==== Provided material
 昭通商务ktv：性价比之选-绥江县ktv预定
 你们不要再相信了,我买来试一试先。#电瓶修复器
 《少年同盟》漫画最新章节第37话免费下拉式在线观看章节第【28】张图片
========
==== Provided material
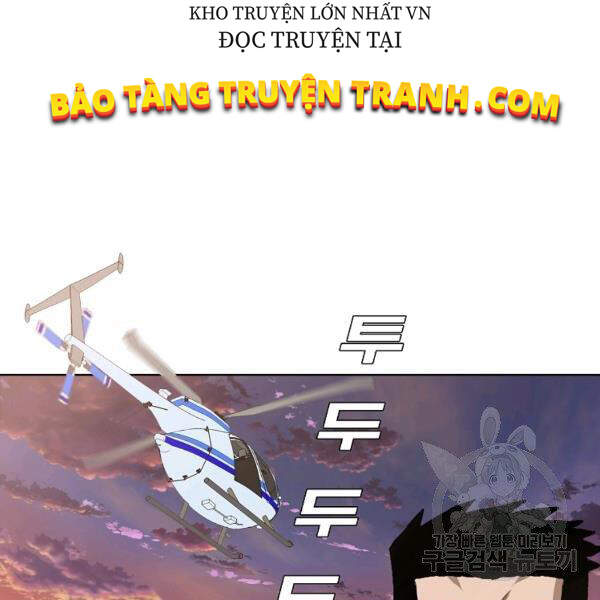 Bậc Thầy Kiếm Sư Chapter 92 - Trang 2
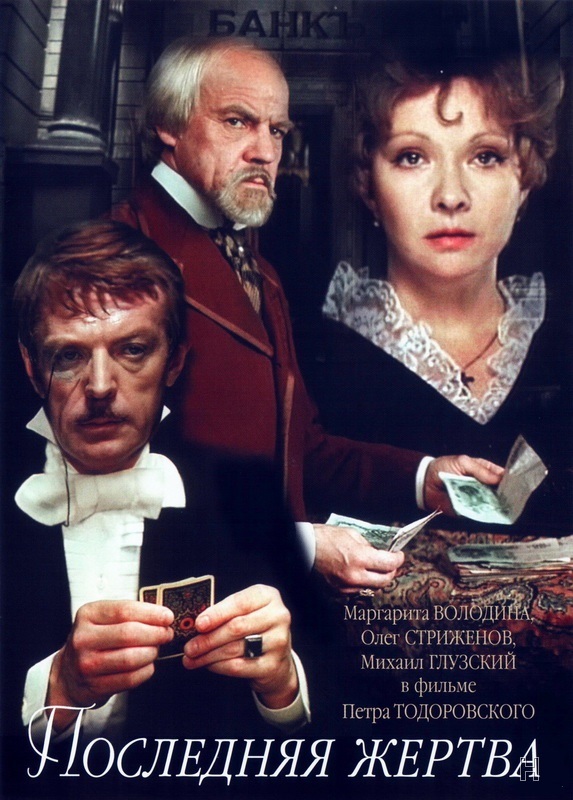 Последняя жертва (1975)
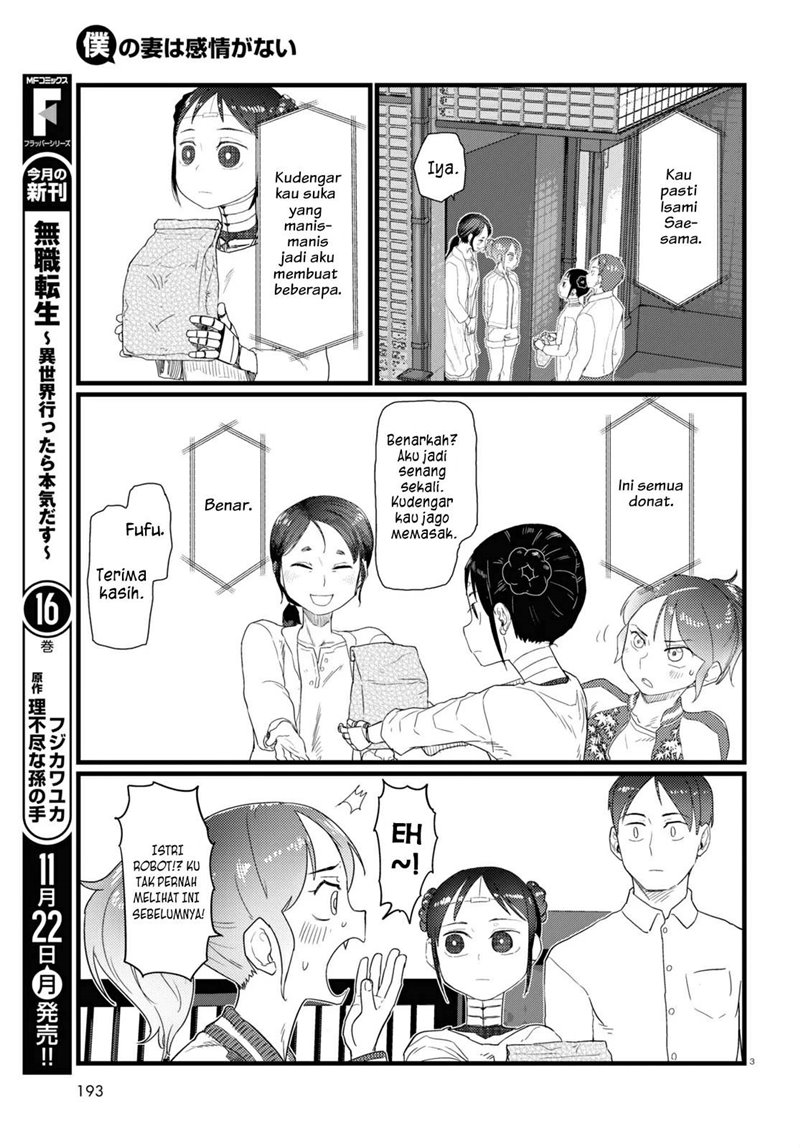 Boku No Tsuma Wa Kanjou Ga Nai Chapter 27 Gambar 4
========
In the entries above, every line from the line with "Bậc Thầy Kiếm Sư Chapter 92 - Trang 2" to the line with "Boku No Tsuma" is to be printed exactly, with both ends included and pictures excluded.

**Reply**
 Bậc Thầy Kiếm Sư Chapter 92 - Trang 2
 Последняя жертва (1975)
 Boku No Tsuma Wa Kanjou Ga Nai Chapter 27 Gambar 4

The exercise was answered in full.